### DIRECTIONS
Below are records; extract exactly the lines from the one with "Gracias por haber" through the final line, including both, but drop the pictures.

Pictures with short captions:

[Start of section]

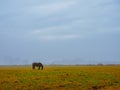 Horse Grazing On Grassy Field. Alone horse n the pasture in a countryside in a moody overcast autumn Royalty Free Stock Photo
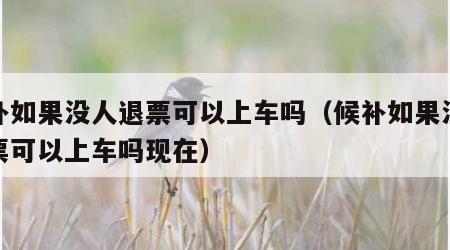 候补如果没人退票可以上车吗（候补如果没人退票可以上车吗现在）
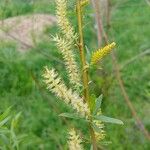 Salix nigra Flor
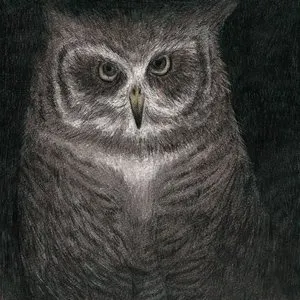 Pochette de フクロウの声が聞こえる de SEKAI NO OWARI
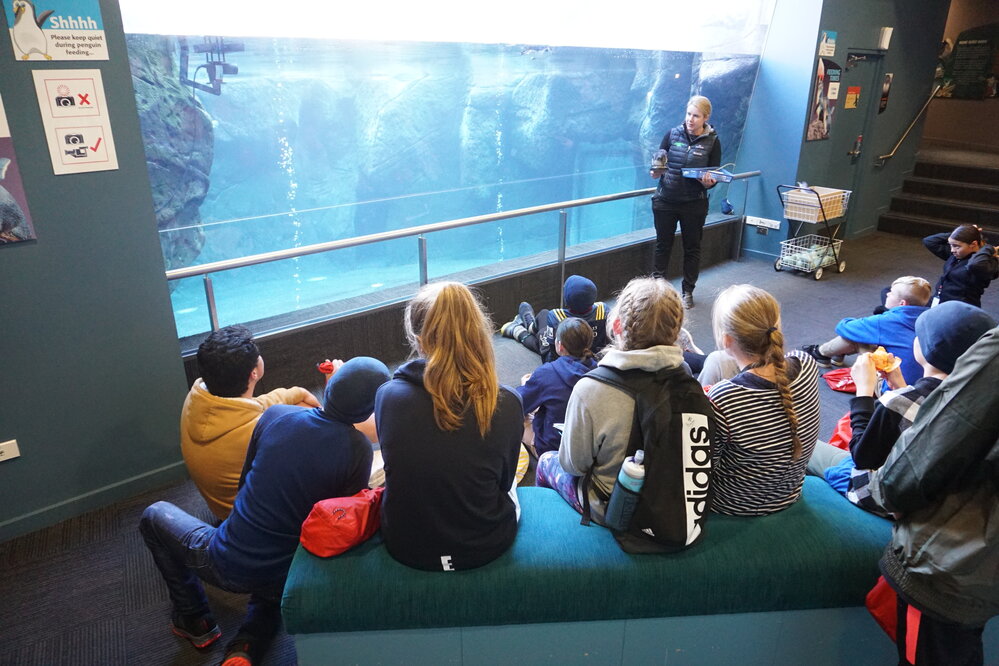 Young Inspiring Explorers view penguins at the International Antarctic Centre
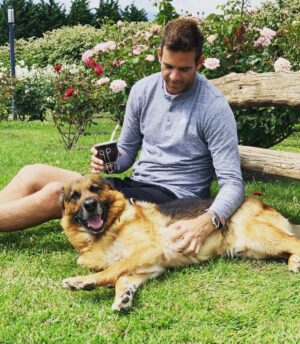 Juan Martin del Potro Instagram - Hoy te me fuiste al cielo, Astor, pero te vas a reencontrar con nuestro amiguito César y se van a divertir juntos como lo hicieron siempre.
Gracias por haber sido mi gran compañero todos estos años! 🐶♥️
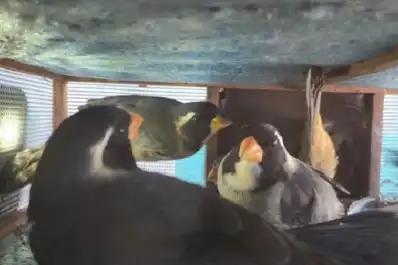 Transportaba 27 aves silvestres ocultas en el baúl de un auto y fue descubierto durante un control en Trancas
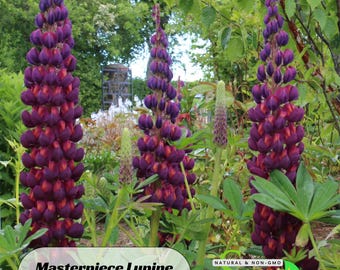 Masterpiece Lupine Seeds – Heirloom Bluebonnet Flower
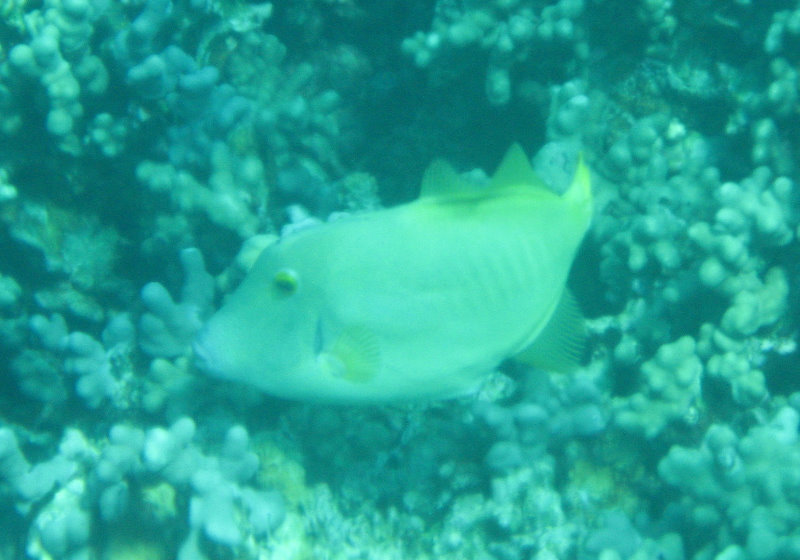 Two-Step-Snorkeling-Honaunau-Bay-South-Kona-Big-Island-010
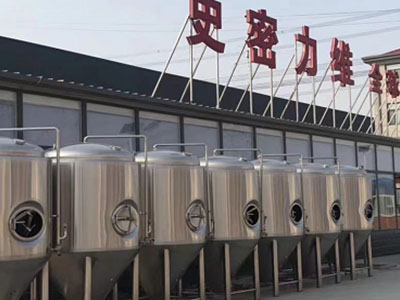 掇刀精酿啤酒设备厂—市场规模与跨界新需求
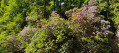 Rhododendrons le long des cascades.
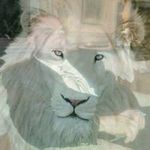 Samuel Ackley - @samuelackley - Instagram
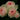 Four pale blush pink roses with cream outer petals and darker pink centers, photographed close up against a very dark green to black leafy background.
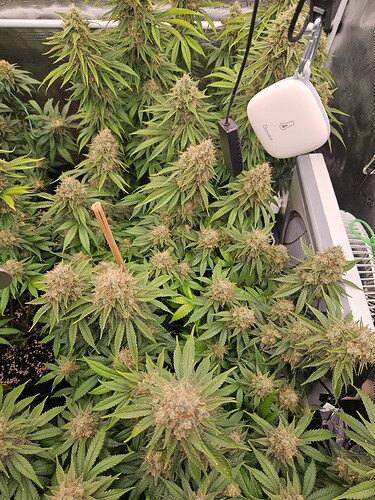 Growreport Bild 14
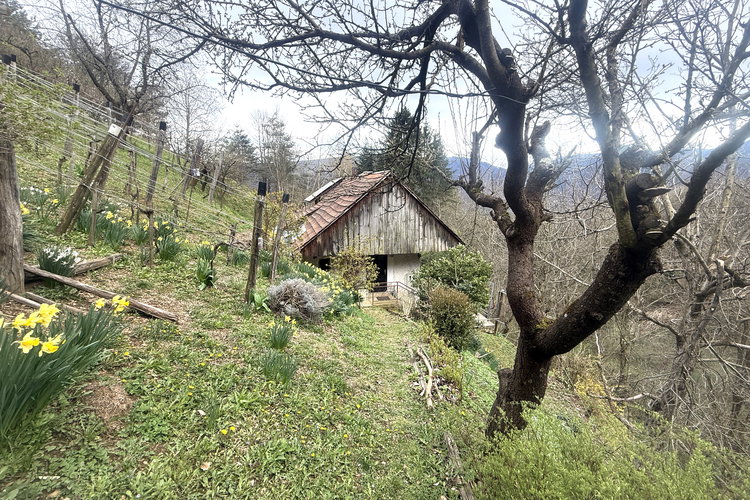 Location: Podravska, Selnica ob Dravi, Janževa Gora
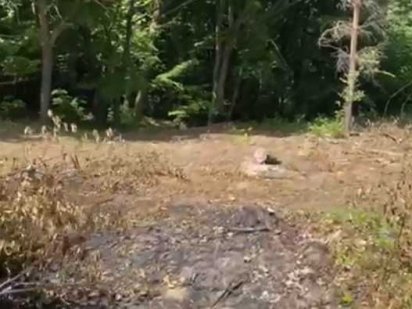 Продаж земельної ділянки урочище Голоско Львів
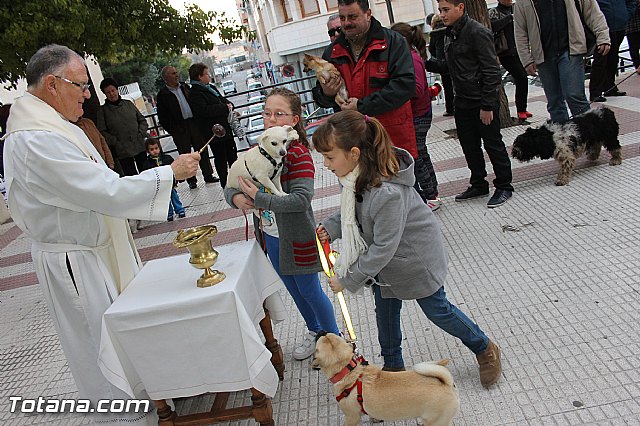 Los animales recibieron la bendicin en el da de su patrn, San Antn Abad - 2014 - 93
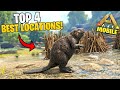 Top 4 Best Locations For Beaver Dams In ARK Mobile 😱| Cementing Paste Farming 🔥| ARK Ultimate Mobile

[End of section]

### RESPONSE
Gracias por haber sido mi gran compañero todos estos años! 🐶♥️
 Transportaba 27 aves silvestres ocultas en el baúl de un auto y fue descubierto durante un control en Trancas
 Masterpiece Lupine Seeds – Heirloom Bluebonnet Flower
 Two-Step-Snorkeling-Honaunau-Bay-South-Kona-Big-Island-010
 掇刀精酿啤酒设备厂—市场规模与跨界新需求
 Rhododendrons le long des cascades.
 Samuel Ackley - @samuelackley - Instagram
 Four pale blush pink roses with cream outer petals and darker pink centers, photographed close up against a very dark green to black leafy background.
 Growreport Bild 14
 Location: Podravska, Selnica ob Dravi, Janževa Gora
 Продаж земельної ділянки урочище Голоско Львів
 Los animales recibieron la bendicin en el da de su patrn, San Antn Abad - 2014 - 93
 Top 4 Best Locations For Beaver Dams In ARK Mobile 😱| Cementing Paste Farming 🔥| ARK Ultimate Mobile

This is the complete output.